Radio Celeste
RADIO CELESTE
Cuando contaba diez u once años de edad, llegado el verano, mi hermano y yo aprovechábamos para pasar algunas noches a la intemperie, y nos íbamos de mudanza a la azotea. Que si colchones, almohadas, sábanas, linternas...
Recuerdo de un modo entrañable las últimas horas de la madrugada, cuando me despertaba con el aire fresco. Me deleitaba contemplando las estrellas, reconociendo algunas constelaciones, comprobando cómo éstas habían variado su posición aparente a lo largo de la noche. Me fascinaba, por ejemplo, la irrupción de Orión sobre el horizonte, indicando con ello que el amanecer en breve llamaría a las puertas. Para mí, aquellas horas previas al amanecer eran realmente mágicas.
Mientras viajaba por el espacio sideral sin moverme de la azotea de mi casa, me agradaba escuchar, a bajo volumen, cualquier emisora de radio donde hubiese alguien contando algo, lo que fuese. La radio era vieja y destartalada, de esas que sólo sintonizaban la onda corta y que venían protegidas por una funda negra, cuarteada por el paso de los años. Me gustaba. No me pregunten por qué pero me gustaba, había algo especial en todo aquello, algo íntimo.
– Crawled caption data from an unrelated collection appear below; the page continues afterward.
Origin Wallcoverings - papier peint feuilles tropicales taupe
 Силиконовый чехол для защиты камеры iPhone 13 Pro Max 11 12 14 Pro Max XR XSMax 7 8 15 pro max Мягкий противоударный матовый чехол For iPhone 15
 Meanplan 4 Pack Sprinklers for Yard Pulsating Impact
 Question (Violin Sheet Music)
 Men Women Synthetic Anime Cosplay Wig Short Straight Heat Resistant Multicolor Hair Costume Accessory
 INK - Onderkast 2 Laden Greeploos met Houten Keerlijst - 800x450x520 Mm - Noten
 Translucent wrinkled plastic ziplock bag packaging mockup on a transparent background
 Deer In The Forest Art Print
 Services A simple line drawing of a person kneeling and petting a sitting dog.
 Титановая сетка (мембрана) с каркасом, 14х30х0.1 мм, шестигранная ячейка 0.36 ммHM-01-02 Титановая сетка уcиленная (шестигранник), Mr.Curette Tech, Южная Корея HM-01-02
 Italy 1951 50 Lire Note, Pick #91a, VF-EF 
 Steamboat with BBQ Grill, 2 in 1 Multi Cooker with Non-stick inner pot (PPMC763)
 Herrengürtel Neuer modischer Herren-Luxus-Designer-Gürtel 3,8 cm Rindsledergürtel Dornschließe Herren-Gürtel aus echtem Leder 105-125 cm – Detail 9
También con aquella edad, pero en invierno, llegué a construir una antena de cinco metros –bueno, yo creía que aquello era una antena-, con la esperanza de poder comunicarme con los radioaficionados, comunicación que, por supuesto, nunca tuvo lugar, ya que todo mi equipo se reducía a un simple walkie-talkie.
Recuerdo, por ejemplo, la poderosa luz de la Luna Llena de Enero iluminando la azotea al comienzo de la noche. Yo, con el walkie-talkie conectado a la “antena” escuchaba atentamente a los radioaficionados, y los imaginaba disfrutando de esa intimidad compartida que impregna las ondas de radio durante la noche, intimidad que a mi manera hice mía, colándome, invisible, en su mundo: Ese ruido de fondo, ese silbido que a veces iba y venía, esa jerga que en parte aprendí sólo escuchando (“breico, breico”)… Yo quería ser uno de ellos.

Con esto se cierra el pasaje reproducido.